**Task input**
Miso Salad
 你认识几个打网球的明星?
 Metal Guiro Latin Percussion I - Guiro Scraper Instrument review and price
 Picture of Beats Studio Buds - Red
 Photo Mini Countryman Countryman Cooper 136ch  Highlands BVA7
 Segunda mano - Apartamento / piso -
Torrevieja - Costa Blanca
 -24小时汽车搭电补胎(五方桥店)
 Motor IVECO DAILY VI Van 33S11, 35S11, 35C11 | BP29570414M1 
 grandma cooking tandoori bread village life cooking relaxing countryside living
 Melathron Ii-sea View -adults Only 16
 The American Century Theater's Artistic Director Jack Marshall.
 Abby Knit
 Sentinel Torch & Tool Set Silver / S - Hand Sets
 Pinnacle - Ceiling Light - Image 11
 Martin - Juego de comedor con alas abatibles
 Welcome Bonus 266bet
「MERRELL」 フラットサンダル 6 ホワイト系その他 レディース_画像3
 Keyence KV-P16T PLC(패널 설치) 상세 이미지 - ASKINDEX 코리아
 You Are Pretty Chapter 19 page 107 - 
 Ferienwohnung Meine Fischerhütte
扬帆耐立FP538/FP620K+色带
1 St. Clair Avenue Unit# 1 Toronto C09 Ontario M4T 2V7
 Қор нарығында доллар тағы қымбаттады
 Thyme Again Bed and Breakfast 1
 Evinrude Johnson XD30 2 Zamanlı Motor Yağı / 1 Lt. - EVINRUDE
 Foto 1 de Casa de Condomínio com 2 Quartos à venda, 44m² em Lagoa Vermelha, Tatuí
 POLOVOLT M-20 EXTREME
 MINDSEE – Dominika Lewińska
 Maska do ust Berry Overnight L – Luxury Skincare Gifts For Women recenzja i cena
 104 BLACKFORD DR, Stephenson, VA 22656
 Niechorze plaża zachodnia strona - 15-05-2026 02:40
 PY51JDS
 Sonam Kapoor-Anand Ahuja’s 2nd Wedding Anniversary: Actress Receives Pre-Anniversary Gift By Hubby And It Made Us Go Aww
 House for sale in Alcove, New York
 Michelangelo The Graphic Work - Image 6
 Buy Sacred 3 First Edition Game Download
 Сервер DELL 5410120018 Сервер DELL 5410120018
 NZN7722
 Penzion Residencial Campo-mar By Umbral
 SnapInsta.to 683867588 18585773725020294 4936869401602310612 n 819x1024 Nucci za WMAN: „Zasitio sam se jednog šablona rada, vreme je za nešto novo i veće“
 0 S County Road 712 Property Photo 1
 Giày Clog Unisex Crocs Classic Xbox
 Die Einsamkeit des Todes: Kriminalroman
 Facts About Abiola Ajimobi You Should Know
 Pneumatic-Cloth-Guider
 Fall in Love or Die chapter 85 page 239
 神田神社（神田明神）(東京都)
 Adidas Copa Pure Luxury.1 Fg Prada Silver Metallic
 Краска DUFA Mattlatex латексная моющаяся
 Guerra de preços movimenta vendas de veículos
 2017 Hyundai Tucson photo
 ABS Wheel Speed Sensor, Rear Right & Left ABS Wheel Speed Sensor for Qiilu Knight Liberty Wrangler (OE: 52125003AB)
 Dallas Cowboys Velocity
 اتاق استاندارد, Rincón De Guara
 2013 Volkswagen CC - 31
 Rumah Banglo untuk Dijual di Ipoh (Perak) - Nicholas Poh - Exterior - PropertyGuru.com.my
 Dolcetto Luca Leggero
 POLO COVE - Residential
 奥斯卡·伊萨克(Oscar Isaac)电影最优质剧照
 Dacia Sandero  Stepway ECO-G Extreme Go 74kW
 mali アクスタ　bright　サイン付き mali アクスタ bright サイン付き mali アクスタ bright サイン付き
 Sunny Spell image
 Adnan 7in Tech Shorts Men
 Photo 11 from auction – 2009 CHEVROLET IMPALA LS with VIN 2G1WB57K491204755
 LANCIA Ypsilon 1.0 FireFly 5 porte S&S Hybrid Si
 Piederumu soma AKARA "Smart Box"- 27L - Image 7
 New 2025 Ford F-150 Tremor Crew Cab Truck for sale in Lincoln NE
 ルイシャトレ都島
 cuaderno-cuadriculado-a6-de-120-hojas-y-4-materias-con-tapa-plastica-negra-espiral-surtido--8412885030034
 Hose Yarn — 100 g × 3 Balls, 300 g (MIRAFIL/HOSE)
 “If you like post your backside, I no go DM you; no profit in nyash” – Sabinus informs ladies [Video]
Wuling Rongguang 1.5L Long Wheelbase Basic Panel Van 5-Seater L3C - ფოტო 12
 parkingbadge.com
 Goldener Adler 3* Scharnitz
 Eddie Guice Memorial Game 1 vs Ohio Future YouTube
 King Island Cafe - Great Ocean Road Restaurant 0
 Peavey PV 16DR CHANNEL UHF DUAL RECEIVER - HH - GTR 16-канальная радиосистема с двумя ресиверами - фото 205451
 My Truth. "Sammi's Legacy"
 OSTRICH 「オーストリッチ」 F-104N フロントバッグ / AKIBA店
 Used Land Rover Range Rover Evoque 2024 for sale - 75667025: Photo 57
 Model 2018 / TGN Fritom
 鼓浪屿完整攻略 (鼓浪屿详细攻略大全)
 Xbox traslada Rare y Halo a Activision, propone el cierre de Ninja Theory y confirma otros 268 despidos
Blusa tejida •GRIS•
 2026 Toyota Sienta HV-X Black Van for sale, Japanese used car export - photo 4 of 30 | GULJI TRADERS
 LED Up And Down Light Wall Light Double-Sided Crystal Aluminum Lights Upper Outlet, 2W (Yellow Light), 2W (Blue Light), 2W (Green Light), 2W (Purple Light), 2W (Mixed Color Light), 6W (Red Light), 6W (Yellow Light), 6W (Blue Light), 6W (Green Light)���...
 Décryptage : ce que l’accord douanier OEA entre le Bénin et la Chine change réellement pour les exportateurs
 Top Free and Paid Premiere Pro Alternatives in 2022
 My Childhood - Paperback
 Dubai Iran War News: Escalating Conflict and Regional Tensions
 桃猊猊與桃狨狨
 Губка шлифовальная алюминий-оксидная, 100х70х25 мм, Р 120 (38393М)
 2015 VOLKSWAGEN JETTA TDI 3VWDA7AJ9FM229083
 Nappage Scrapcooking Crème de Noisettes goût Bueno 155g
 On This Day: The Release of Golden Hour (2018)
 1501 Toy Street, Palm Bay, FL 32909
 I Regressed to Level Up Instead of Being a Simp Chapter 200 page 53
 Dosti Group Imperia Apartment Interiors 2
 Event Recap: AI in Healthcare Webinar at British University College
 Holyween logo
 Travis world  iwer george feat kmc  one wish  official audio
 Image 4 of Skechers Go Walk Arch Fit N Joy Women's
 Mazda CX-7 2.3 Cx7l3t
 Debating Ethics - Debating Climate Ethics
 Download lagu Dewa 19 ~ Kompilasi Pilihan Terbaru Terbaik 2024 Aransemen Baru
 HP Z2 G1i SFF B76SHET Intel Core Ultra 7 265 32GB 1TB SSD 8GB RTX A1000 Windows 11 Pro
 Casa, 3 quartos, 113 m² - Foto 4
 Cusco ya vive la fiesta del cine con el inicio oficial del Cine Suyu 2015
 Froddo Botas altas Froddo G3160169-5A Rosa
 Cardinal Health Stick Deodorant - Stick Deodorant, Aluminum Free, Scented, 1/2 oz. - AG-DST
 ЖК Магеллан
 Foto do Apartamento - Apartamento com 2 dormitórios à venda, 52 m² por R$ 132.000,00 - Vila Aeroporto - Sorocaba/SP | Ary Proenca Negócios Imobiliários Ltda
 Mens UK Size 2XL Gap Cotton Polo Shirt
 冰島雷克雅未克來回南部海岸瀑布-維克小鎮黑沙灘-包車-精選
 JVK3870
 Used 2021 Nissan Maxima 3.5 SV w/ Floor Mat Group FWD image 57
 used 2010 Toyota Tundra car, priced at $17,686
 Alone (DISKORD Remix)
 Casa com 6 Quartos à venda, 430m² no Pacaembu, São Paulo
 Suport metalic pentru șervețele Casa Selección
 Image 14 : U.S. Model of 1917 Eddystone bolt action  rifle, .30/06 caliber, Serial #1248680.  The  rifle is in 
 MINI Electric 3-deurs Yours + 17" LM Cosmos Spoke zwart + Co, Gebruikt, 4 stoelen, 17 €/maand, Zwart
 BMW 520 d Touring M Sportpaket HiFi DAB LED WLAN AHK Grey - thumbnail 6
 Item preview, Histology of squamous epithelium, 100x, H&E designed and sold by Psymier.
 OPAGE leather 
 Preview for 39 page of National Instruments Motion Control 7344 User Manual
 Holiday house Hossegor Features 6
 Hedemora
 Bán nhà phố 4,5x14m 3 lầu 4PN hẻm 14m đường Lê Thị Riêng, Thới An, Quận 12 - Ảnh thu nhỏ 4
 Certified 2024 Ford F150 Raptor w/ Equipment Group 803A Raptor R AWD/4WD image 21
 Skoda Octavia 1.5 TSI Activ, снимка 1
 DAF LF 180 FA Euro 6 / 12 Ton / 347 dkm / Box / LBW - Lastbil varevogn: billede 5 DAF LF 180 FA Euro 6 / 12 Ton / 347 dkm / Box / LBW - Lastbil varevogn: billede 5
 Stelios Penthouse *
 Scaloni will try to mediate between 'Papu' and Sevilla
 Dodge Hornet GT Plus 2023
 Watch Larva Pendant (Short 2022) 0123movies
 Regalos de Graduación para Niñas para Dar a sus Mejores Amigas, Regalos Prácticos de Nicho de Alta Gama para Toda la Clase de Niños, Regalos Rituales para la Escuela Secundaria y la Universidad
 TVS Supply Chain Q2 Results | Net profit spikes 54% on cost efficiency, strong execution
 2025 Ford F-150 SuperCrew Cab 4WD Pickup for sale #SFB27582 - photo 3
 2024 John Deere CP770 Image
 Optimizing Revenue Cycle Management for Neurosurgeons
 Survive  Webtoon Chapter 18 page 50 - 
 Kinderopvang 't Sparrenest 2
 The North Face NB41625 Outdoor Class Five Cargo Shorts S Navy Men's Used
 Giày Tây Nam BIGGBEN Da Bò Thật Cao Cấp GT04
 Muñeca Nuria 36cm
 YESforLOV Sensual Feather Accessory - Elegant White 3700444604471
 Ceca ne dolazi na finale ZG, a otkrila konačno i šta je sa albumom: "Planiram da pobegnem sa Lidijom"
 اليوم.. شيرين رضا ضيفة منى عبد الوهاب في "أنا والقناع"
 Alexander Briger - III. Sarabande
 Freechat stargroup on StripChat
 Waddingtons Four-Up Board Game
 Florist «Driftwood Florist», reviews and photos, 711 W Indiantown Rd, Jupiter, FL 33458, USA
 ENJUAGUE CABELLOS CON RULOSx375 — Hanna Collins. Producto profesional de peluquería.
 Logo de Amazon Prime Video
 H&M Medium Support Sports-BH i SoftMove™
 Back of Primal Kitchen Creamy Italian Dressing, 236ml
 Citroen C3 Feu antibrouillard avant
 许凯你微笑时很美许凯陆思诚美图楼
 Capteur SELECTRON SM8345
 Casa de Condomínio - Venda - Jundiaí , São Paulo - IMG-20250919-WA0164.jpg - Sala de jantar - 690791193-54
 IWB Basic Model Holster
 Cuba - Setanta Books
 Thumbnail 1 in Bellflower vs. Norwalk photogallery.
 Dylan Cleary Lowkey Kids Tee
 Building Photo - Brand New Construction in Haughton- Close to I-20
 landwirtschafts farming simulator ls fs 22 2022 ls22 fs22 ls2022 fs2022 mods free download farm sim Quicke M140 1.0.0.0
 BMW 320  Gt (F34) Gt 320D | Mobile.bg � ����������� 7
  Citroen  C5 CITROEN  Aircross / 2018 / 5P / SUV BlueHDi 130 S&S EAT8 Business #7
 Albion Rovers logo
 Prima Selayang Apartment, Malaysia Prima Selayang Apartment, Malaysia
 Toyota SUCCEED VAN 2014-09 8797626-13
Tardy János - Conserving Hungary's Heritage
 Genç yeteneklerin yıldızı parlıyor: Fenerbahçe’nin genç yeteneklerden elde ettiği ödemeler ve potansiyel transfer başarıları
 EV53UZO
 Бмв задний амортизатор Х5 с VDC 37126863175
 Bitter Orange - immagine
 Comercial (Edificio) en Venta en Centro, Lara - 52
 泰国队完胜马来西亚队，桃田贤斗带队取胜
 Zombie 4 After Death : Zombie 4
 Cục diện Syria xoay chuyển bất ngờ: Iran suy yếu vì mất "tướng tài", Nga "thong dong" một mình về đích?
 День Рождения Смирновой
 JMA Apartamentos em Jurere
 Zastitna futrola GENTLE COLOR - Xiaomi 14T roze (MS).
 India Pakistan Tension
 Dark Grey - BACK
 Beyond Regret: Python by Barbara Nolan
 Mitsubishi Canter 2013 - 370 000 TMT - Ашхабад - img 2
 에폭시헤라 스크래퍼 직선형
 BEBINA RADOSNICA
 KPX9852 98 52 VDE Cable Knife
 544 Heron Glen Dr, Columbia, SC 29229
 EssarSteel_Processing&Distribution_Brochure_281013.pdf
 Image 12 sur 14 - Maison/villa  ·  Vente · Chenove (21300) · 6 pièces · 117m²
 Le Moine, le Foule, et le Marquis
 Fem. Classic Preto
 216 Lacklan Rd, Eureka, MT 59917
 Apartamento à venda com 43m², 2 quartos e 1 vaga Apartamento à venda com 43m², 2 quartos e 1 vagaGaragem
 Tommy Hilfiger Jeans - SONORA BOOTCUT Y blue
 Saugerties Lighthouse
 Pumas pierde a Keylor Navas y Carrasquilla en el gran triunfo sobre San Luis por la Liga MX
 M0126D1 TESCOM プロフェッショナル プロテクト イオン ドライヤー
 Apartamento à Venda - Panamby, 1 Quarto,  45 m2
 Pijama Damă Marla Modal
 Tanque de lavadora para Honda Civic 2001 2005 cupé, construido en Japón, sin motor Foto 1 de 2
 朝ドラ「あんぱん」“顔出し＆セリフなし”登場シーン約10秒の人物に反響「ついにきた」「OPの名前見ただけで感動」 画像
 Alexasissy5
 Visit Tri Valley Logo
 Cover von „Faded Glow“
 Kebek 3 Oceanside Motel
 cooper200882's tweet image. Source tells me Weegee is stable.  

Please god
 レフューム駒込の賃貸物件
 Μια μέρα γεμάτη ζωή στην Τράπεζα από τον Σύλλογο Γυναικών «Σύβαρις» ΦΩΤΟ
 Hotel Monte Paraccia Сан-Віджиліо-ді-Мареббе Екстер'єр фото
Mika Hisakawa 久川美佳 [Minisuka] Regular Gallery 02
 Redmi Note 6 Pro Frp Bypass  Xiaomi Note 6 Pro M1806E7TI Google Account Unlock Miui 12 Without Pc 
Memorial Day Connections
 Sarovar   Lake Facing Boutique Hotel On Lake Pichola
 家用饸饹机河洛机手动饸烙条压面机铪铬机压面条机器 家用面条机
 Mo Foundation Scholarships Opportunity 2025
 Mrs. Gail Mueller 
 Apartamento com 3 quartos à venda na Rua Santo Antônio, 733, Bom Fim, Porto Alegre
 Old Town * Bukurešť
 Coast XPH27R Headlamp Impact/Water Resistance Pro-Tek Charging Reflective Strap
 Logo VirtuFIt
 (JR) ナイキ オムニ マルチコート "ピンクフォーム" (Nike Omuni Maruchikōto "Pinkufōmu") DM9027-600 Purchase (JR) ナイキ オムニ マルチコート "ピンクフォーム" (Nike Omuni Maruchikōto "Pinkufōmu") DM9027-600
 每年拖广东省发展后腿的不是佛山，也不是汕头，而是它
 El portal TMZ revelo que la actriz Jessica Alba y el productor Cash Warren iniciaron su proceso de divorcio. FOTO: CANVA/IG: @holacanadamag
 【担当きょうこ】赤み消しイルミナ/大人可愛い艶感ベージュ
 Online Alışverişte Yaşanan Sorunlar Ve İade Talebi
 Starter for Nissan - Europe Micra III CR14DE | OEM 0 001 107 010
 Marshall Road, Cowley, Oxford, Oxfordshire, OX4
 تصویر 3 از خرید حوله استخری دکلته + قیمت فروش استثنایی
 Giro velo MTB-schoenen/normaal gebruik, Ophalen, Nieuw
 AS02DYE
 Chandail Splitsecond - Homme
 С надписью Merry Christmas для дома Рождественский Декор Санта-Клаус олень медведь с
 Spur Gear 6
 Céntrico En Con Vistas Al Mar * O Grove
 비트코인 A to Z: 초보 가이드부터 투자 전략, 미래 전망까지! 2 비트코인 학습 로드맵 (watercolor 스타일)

**Prompt**
Return the lines above that include the string "Grey".

**Expected answer**
 BMW 520 d Touring M Sportpaket HiFi DAB LED WLAN AHK Grey - thumbnail 6
 Dark Grey - BACK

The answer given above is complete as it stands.